*** Data listing

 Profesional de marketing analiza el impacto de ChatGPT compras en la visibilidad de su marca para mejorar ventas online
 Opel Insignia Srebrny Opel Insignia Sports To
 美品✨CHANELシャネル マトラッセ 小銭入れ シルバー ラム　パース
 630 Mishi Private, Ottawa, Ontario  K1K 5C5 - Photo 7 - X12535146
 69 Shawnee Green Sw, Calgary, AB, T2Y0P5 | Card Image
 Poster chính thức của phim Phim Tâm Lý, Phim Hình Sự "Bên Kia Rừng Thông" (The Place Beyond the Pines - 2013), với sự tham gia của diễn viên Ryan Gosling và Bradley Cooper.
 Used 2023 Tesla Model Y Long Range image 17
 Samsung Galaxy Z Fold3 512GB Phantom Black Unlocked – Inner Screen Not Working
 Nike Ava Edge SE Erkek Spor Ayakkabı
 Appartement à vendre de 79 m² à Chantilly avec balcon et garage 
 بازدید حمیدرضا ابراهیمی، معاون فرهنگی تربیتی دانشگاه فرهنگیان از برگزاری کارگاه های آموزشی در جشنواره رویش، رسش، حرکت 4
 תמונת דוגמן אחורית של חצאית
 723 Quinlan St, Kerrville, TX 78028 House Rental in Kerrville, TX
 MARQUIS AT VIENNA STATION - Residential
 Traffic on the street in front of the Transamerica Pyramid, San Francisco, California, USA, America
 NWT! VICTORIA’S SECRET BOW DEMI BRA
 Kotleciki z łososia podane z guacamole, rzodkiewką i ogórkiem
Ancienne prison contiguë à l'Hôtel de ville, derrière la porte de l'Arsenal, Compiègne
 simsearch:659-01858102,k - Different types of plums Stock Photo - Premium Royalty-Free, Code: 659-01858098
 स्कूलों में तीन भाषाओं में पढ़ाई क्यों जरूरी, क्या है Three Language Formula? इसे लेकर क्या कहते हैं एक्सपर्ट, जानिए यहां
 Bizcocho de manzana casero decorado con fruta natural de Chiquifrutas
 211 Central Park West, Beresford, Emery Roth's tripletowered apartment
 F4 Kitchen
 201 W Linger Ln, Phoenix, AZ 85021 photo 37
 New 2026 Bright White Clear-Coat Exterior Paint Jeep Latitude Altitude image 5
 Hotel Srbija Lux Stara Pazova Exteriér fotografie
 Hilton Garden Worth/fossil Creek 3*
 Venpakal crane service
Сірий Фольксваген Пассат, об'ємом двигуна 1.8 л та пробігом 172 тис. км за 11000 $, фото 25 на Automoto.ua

******

▶ [Exercise description]
Starting at the line that contains "Used 2023 Tesla Model Y Long Range image 17" and stopping after the line that contains "Bizcocho de manzana", write out every line exactly as it appears above, and no other line.

▶ [Task answer]
 Used 2023 Tesla Model Y Long Range image 17
 Samsung Galaxy Z Fold3 512GB Phantom Black Unlocked – Inner Screen Not Working
 Nike Ava Edge SE Erkek Spor Ayakkabı
 Appartement à vendre de 79 m² à Chantilly avec balcon et garage 
 بازدید حمیدرضا ابراهیمی، معاون فرهنگی تربیتی دانشگاه فرهنگیان از برگزاری کارگاه های آموزشی در جشنواره رویش، رسش، حرکت 4
 תמונת דוגמן אחורית של חצאית
 723 Quinlan St, Kerrville, TX 78028 House Rental in Kerrville, TX
 MARQUIS AT VIENNA STATION - Residential
 Traffic on the street in front of the Transamerica Pyramid, San Francisco, California, USA, America
 NWT! VICTORIA’S SECRET BOW DEMI BRA
 Kotleciki z łososia podane z guacamole, rzodkiewką i ogórkiem
Ancienne prison contiguë à l'Hôtel de ville, derrière la porte de l'Arsenal, Compiègne
 simsearch:659-01858102,k - Different types of plums Stock Photo - Premium Royalty-Free, Code: 659-01858098
 स्कूलों में तीन भाषाओं में पढ़ाई क्यों जरूरी, क्या है Three Language Formula? इसे लेकर क्या कहते हैं एक्सपर्ट, जानिए यहां
 Bizcocho de manzana casero decorado con fruta natural de Chiquifrutas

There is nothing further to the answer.